I am new to programming and python and would like to write the following piece of code as a function using the 'def' 'return' construction:

df.loc[df['DATE_INT'].shift(-1) - df['DATE_INT'] == 1, 'CONSECUTIVE_DAY'] = True
df.loc[(df['DATE_INT'].shift(-1) - df['DATE_INT'] == 1) | (df['DATE_INT'].shift(1) - df['DATE_INT'] == -1), 'CONSECUTIVE_DAY'] = True

My attempt returns invalid syntax:

def ConsecutiveID(df, column ='DATE_INT'):
    return  df.loc[df['DATE_INT'].shift(-1) - df['DATE_INT'] == 1, 'CONSECUTIVE_DAY'] = True
            df.loc[(df['DATE_INT'].shift(-1) - df['DATE_INT'] == 1) | (df['DATE_INT'].shift(1) - df['DATE_INT'] == -1), 'CONSECUTIVE_DAY'] = True

My goal is to ultimately use my ConsecutiveID function as follows:

    df.groupby(['COUNTY_GEOID_YEAR','TEMPBIN']).apply(ConsecutiveID)

I am applying the split-apply-combine construction. Where groupby is splitting my data and I use the function I would like to construct in apply.

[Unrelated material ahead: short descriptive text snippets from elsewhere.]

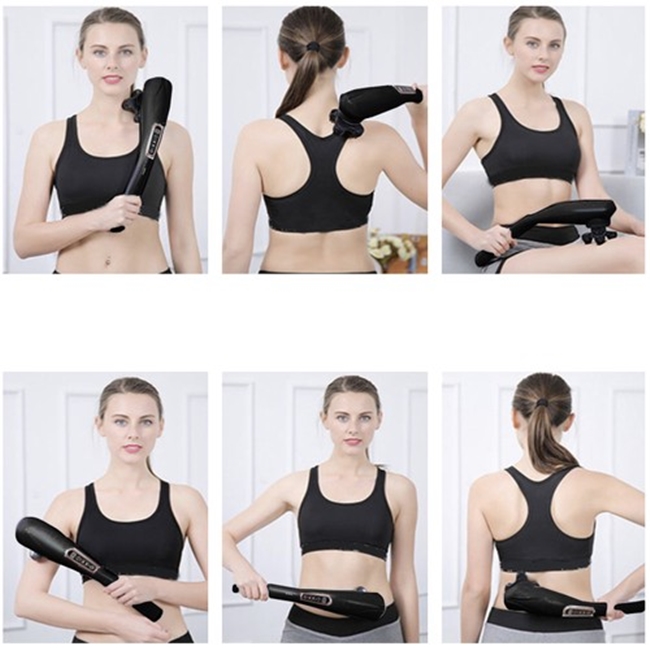 Aparat pentru masaj profesional, putere 24 W, display LCD, Negru - KESNUP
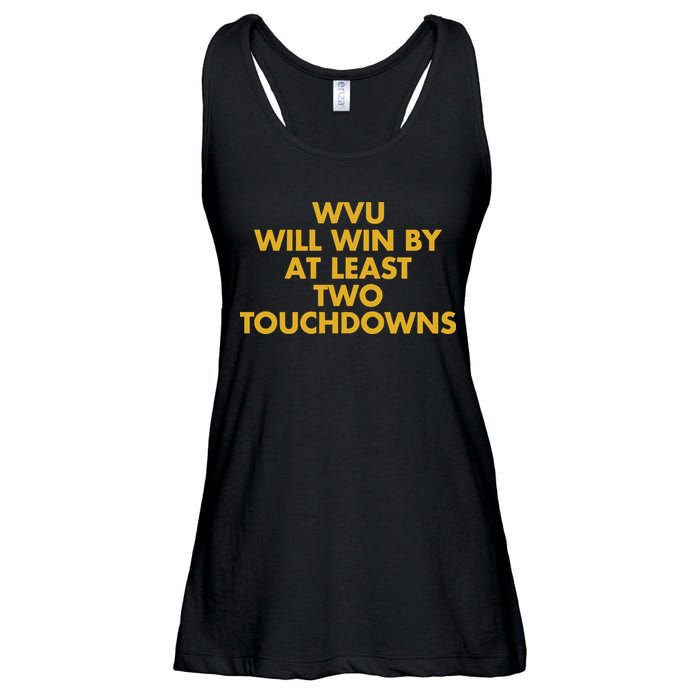 Eerrational Wvu Will Win By At Least Two Touchdowns Ladies Essential Flowy Tank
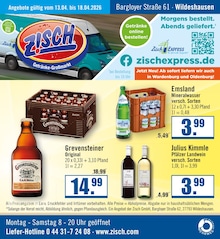 Zisch Prospekt für Goldenstedt: "Aktuelle Angebote", 1 Seite, 13.04.2026 - 18.04.2026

My main question is how to write what I've called the ConsecutiveID as a function. Thank you for any help.

Justin
  • 327
  • 1
  • 3
  • 11
  • 1
    don't use `return`, `df` will still be updated in the function. Note, most pandas function require `inplace=true` to actually update the df. – Julien Aug 04 '16 at 19:28
  • 1
    After the two statements just return the `df`. – shivsn Aug 04 '16 at 19:29
  • @JulienBernu - Great thank you, that solved the syntax error.. Having other problems applying the function. Thank you for the help though! – Justin Aug 04 '16 at 19:35
  • 1
    Try just calling `ConstructiveID` on `df`. Btw, convention is to start functions with lower case, capital being for classes... – Julien Aug 04 '16 at 19:39
  • @JulienBernu -- Thank you - its worked and its done exactly what I've wanted it to do! Appreciate it a lot! – Justin Aug 04 '16 at 19:45

1 Answers1

1
def ConsecutiveID(df):
    df = df.copy()
    cond1 = df['DATE_INT'].shift(-1) - df['DATE_INT'] == 1
    cond2 = df['DATE_INT'].shift(1) - df['DATE_INT'] == -1

    df.loc[cond1 | cond2, 'CONSECUTIVE_DAY'] = True

    return df
piRSquared
  • 285,575
  • 57
  • 475
  • 624